Comment a-t-elle été persuadée de se présenter aux sénatoriales du 24 septembre prochain qui doivent voir le renouvellement de 171 des 348 sièges ? "En discutant avec les militants, j’ai vu l’enthousiasme que suscitait l’idée de cette candidature. Pour eux, c’est la possibilité que je devienne leur voix. Et sur le terrain, dans les quartiers populaires et dans les bidonvilles, je vois l’espoir que cela crée chez les gens qui souffrent et chez ceux qui se désintéressent de la politique".
"Les gens qui souffrent". L’expression revient souvent dans la bouche d’Anina Ciuciu, tour à tour, pour parler des enfants roms des bidonvilles, des migrants de Calais ou encore des jeunes de banlieues. L’expression fait écho à son histoire, celle qu’elle a raconté dans un livre, "Je suis Tsigane et je le reste". L’histoire d’une petite fille née dans les faubourgs de Craiova, en Roumanie, dans une famille rom sédentarisée qui, victime de discriminations et frappée par le chômage, décide de quitter le pays quand elle à sept ans. De la misère d’un camp de réfugiés roms en Italie à la honte de devoir mendier sur les marchés une fois passée en France, la famille d’Anina Ciuciu alors sous le coup d’une "obligation à quitter le territoire" (OQTF) devra son salut à une certaine "Madame Jacqueline". Grâce à la domiciliation administrative que leur fournit cette institutrice de Bourg en Bresse, Anina et ses sœurs pourront être scolarisées. Si la scolarisation est théoriquement un droit pour tous les enfants sur le territoire français, certains maires exigent une domiciliation administrative.

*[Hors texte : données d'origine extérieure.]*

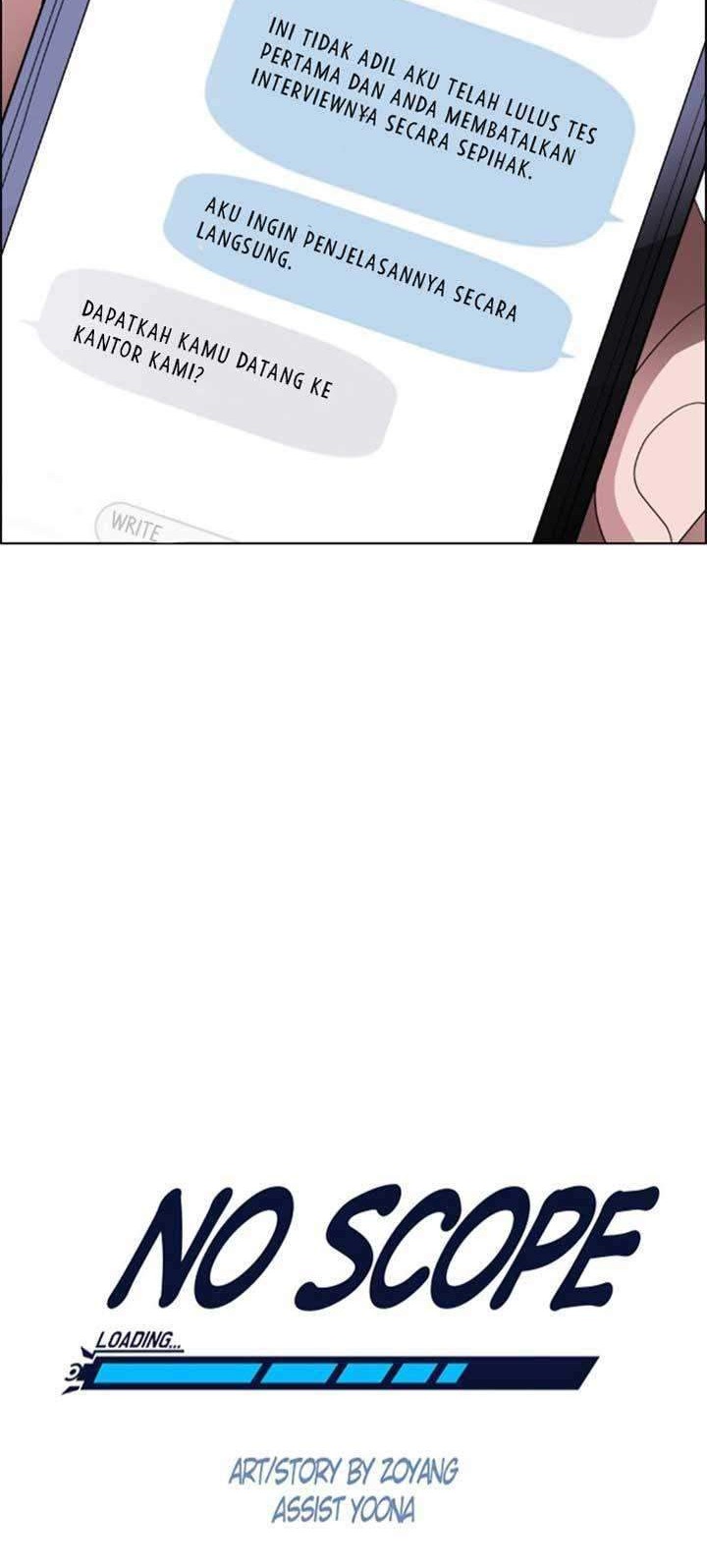 No Scope Chapter 36 - halaman 23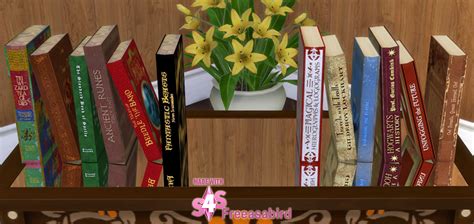 Sims 4 Harry Potter Books The Sims 4 Best Harry Potter Mods Cc Packs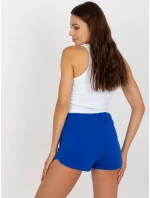 Šortky AP SN 119.07 tmavo modrá Šortky AP SN 119.07 tmavo modrá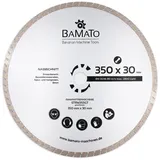 BAMATO Trennscheibe 350 x 30 mm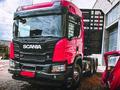 Кузовной ремонт грузовых автомобилей Scania и другой коммерческой техники в Алматы – фото 4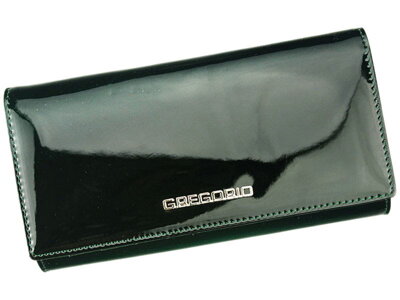 Dámska peňaženka Gregorio SH-100 Green skl.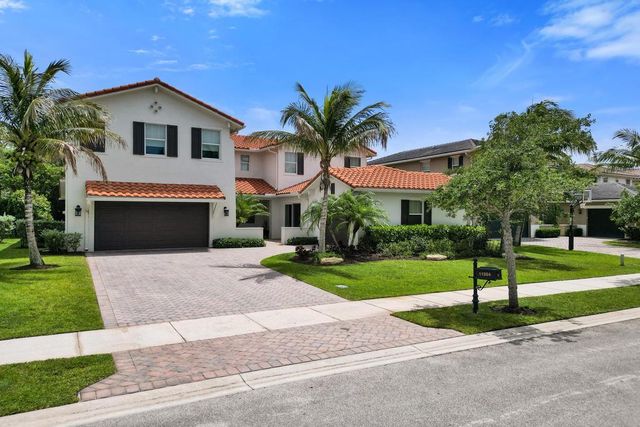 11864 NW 79th Court, Parkland, FL 33076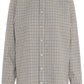 0039 Italy - Alma Check Flannel Shirt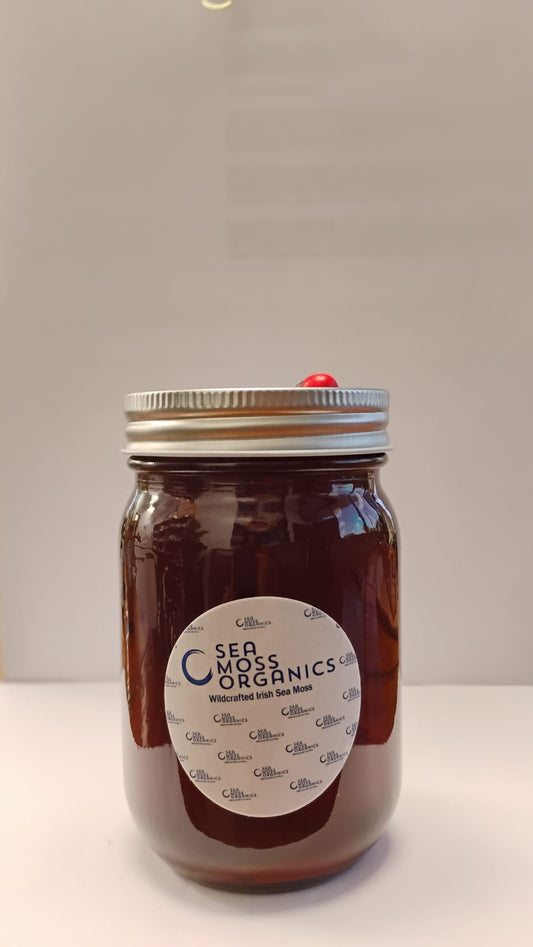 Organic Honey – Local from Florida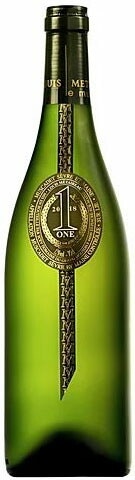 2020年　ミュスカデ・ワン（白）　フランス　ロワール地方　ドメーヌ・グラン・ムートン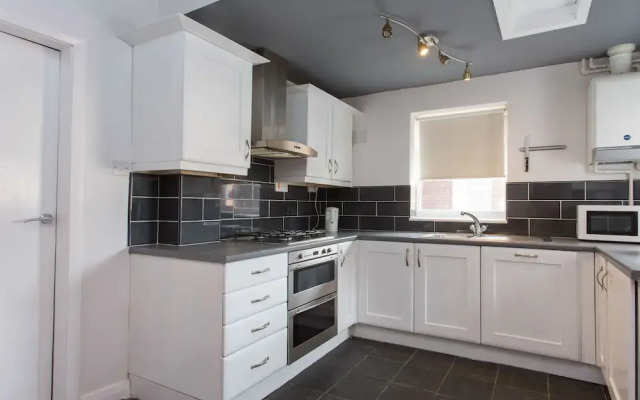 Townhouse @ Westlands St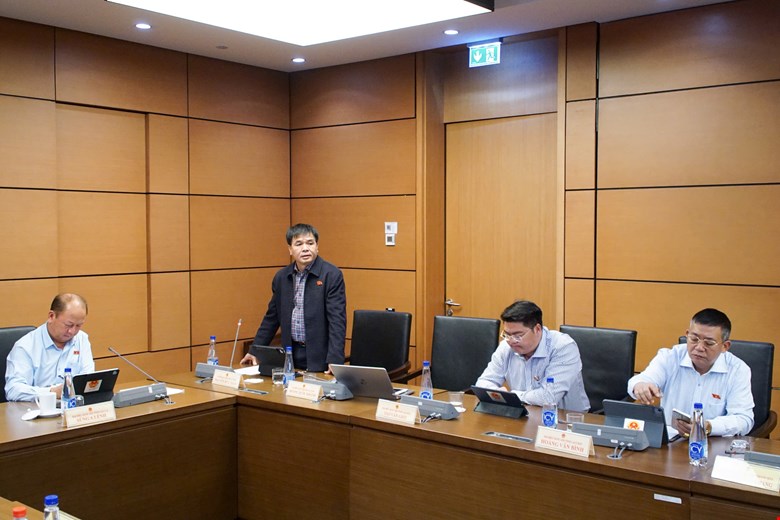 Đảm bảo sự công bằng, minh bạch và giảm gánh nặng cho người nộp thuế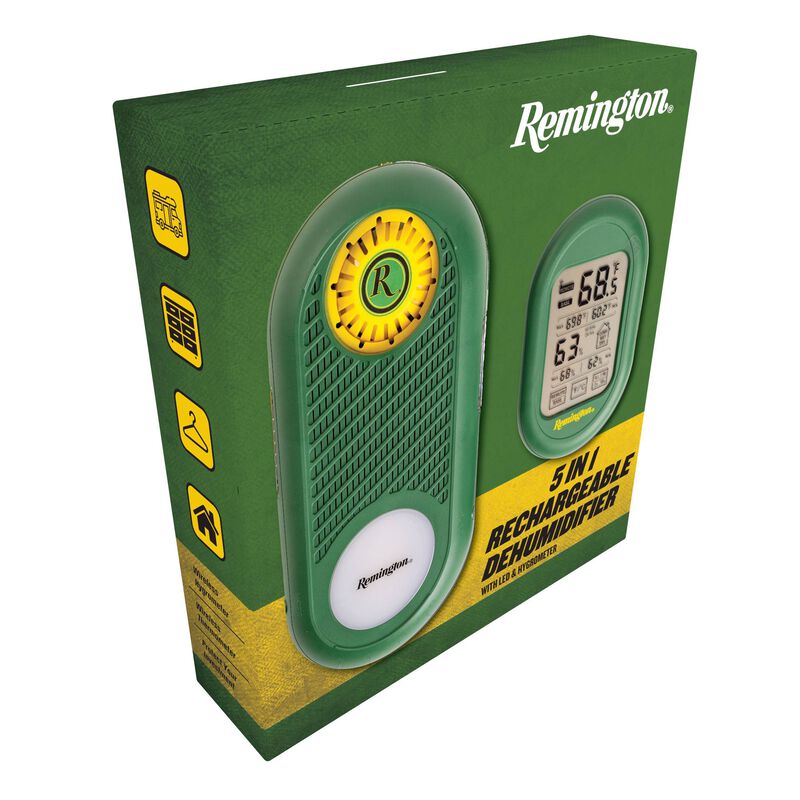 Mini-Dehumidifier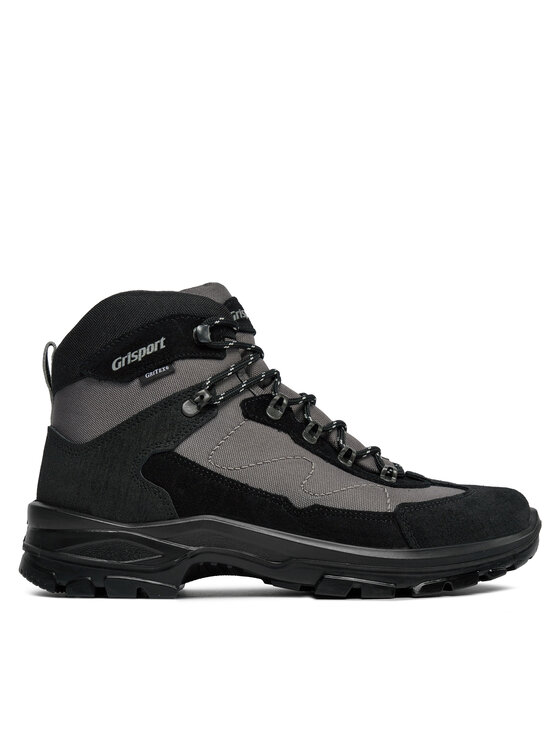 Trekkings Grisport 14536S25G Gri
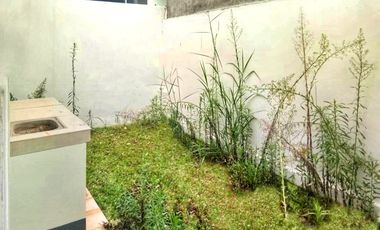 Dijual Rumah Center Park Palembang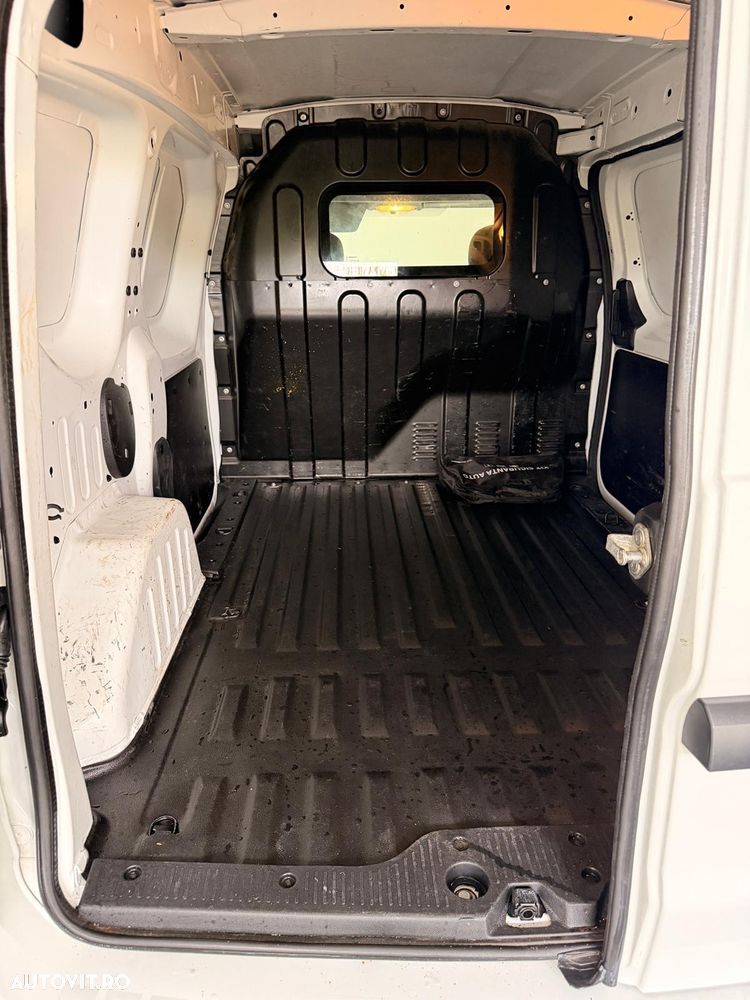 Dacia Dokker 1.5 Blue dCi Laureate - 6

"J’ai eu de la chance mais cela ne devrait pas dépendre de la chance. L’accès pour tous à l’école de la République, je veux faire tenir cette promesse aux institutions", explique Anina Ciuciu vingt ans plus tard. Outre l’accès à l’école, la lutte contre violences policières et la fin de l'état d'urgence feront partie de ses combats si elle est élue au Sénat.
"Il se trouve que je suis Rom"
La partie n’est pas gagnée car la liste des écologistes en Seine-Saint-Denis n’est pas arrêtée. Fin juillet, sur le Bondyblog, 150 personnalités ont signé une tribune pour que "les partis politiques de l’arc écologiste et progressiste" fassent à Anina Ciuciu "une place en position éligible sur leur liste". Cela suffira-t-il à faire taire ceux qui, à EELV-93, relèvent qu’Anina Ciuciu "n’est pas adhérente et reste inconnue de la majeure partie de nos membres" ? La réponse devrait être connue avant début septembre. Si elle est en position éligible, un autre défi attend Anina Ciuciu : convaincre les grands électeurs, car il s'agit d'un scrutin indirect.
Lorsqu’on lui demande qui l’inspire dans son engagement militant et politique ? Elle cite pêle-mêle Nelson Mandela, Angela Davis, Christiane Taubira, sa mère… et Larissa "qui a vécu dans une tente, à même le sol, place de la République, pendant deux ans, avec ses enfants qui allaient à l’école et son mari qui travaillait". Les exclus, les oubliés, Anina Ciuciu revient toujours à eux. D’ailleurs, si elle est élue au Sénat, elle compte bien leur ouvrir les portes du Palais du Luxembourg en souvenir, notamment, de ces deux jeunes filles croisées à un flashmob organisé par La Voix des Roms qui n’avaient jamais vu Notre-Dame alors qu’elles vivaient à quelques stations de métro de là, dans une HLM du 19e.
En devenant sénatrice, Anina Ciuciu deviendrait la première femme rom dans ce cas, un changement symbolique. "Il se trouve que je suis Rom. J’ai toujours affirmé cette part de mon identité… même lorsqu’on me conseillait de la cacher", explique-t-elle, avant d’ajouter : "Accéder à la représentation publique serait un symbole fort, historique même, en France, le pays des droits de l’Homme et de la Révolution".